Rooted in the Golden Mile

Written on 06/15/2026
LIV Magazine


How Miradoro Became an Okanagan Dining Destination

Fifteen years in the restaurant industry is a long time to hold a room, and an even longer time to keep a community coming back for more.


At Miradoro, that commitment has a setting to match — a bright, airy dining room where black lantern pendants hang from warm wood ceilings, floor-to-ceiling windows pour afternoon light across a full house of guests, and the signature timber beams of the architecture reach skyward just beyond the glass.


When the sun begins its descent over the South Okanagan, the valley below shifts from green to gold — vineyards and farmland rolling toward the blue-grey silhouette of the mountains, the terrace open to all of it. The setting alone would be enough to draw people in. That it has kept them coming back, season after season, speaks to something far more deliberate — a kitchen, a cellar, and a team that have grown together with the land beneath them.



This past spring, Miradoro Restaurant at Tinhorn Creek Vineyards marked the milestone with an anniversary dinner that drew loyal regulars and first-time guests alike to one of British Columbia’s most distinctive winery dining destinations. It is a destination shaped by place, anchored by philosophy, and driven by a kitchen that takes the land it sits on seriously.


For Executive Chef Jeff Van Geest, the evening was deeply personal.

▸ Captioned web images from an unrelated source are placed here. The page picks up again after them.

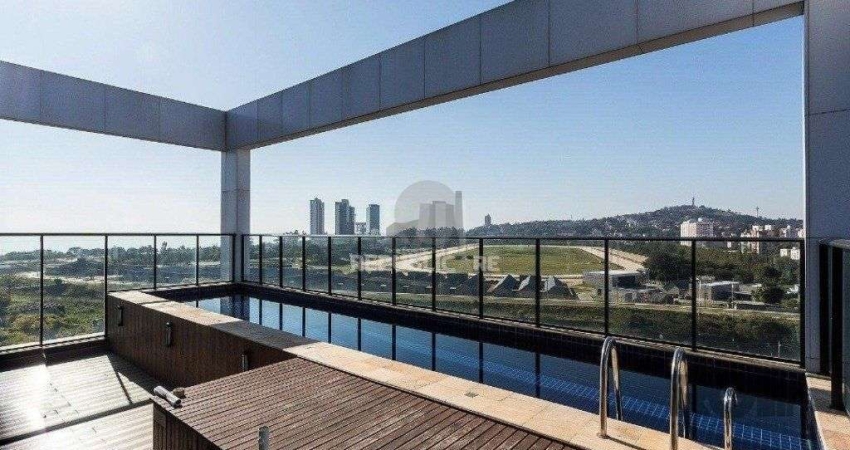 APARTAMENTO DE 2 DORMITÓRIOS NO MURANO HOME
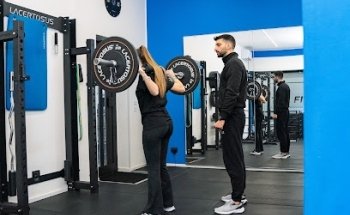 VITALFIT - Exclusive Wellness Studio | Personal Trainer & Nutrizione personalizzata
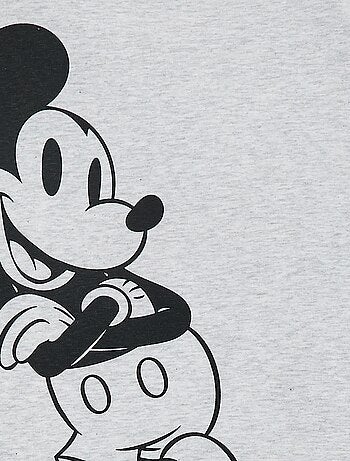 Lote de 3 camisetas 'Mickey' 'Disney'
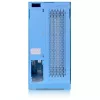 Thermaltake CA-1Y3-00MFWN-01 Produkts Zils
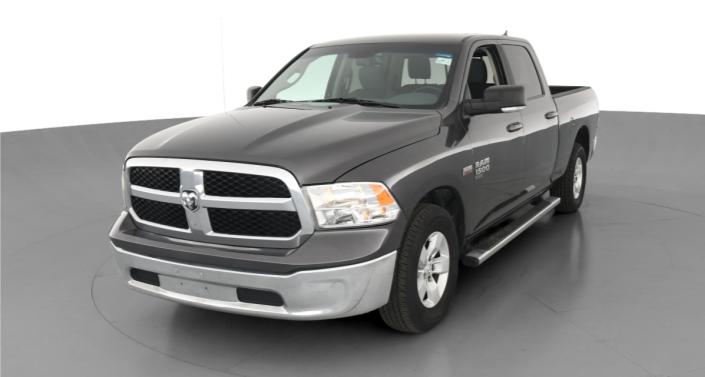 2020 RAM 1500 Classic SLT -
                Bessemer, AL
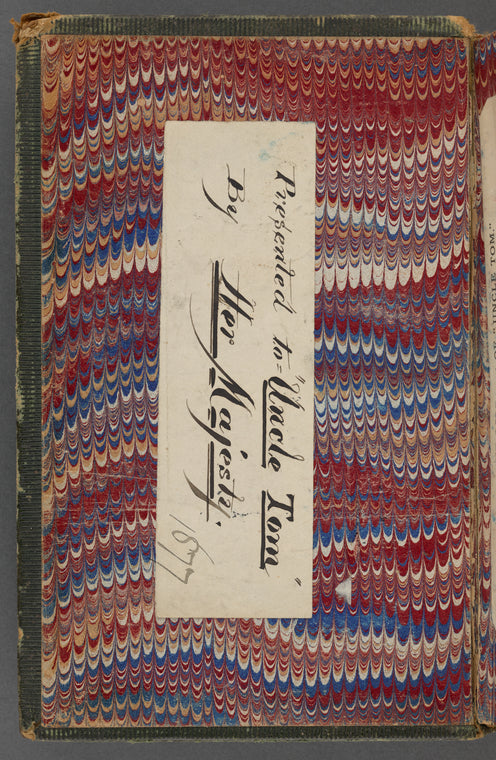 The complete poetical works of Robert Burns: with an original memoir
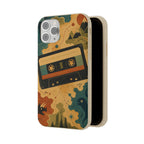 Quest Cassette | Biodegradable Case — product image 30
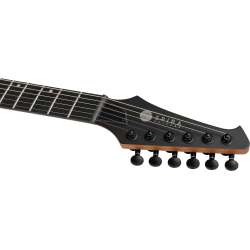 S-400 MBK - Spira Guitars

He has been at Miradoro since 2010, building a menu that draws directly from the region around him — from the local foragers who arrive at the kitchen door, to the small on-site garden that supplies seasonal herbs. 


His culinary foundation, forged during his years at Bishop’s restaurant in Vancouver and later at his own Aurora Bistro, has always centred on the relationship between the farmer and the chef. 
Estate Manager Jesse Collins captured the spirit of the occasion simply: “It is an honour to celebrate 15 amazing years with Chef Jeff, Manny and the whole team at Miradoro. This restaurant has been a place for the community to connect for many years, sharing laughs and celebrating the bounty of the South Okanagan.”



The anniversary menu told its story in courses. Guests arrived to a reception poured with the current release Gewurztraminer — a fresh, springy opening that set the evening’s tone and carried through the first course with the same aromatic ease.


The second course marked a deliberate shift in register. Van Geest reached into the cellar for a long-cellared 2005 2 Bench White — a golden, still-vibrant aromatic white blend from Tinhorn Creek’s library offerings. It arrived alongside a seared Hokkaido scallop, sweet and complex in equal measure, a pairing that spoke quietly to what fifteen years of kitchen and cellar collaboration can produce.


The evening closed with something few guests had encountered before: a preview pour of the not-yet-released 2025 Moscato Frizzante. Inviting and refreshing, it paired beautifully with a lemon crema and crunchy lavender sablé — a final course that felt both celebratory and quietly forward-looking. Collins reflected on the intention behind the wine selections: “We carefully selected the line up of wines for this evening, aiming to highlight our winemaking journey over the past several decades. The pairings told a beautiful story of where we came from, what our focus is today, and also what the future holds for Tinhorn Creek Vineyards.”

 



Miradoro sits within Tinhorn Creek Vineyards, a winery with over thirty years of winemaking history on the Golden Mile Bench — British Columbia’s first official sub-appellation, recognized in 2015. Tinhorn Creek became Canada’s first certified carbon-neutral winery in 2007, a distinction that aligns naturally with the restaurant’s own commitment to sustainable, locally sourced ingredients.


The wine list, anchored by the estate’s own bottles and bolstered by library selections, provides an ideal counterpart to Van Geest’s kitchen: structured, mineral-driven whites from the Tinhorn Creek Vineyard, and bold, opulent reds from the Diamondback Vineyard on the Black Sage Bench across the valley. Vancouver Magazine awarded Miradoro its Gold Medal for Best Winery/Vineyard Dining for five consecutive years — 2012 through 2016 — a recognition that reflects not only the quality of the food, but the singular experience of the room itself.


That experience extends well beyond the dining room this summer. Tinhorn Creek’s Sunset Concert Series returns to its outdoor amphitheatre with three live performances framed by vineyard views and golden hour skies: Antonio Larosa, The Matinee, and Juno Award-winning indie rock band Dear Rouge closing out the season. 


The 2025 Moscato Frizzante, previewed at the anniversary dinner, will also become available to wine club members this summer — another reason to plan a return visit.
For anyone making the journey to the South Okanagan, the logic writes itself. Arrive for a long, unhurried lunch at Miradoro — the two-course option a leisurely entry point into the kitchen — then carry that ease into an evening of live music under an open sky. Or reverse the order entirely. Either way, one experience becomes two, and a day trip quietly becomes a weekend.


Open from March through December, Miradoro continues to earn its place as a destination in its own right. The anniversary is simply a reminder of how rare that truly is.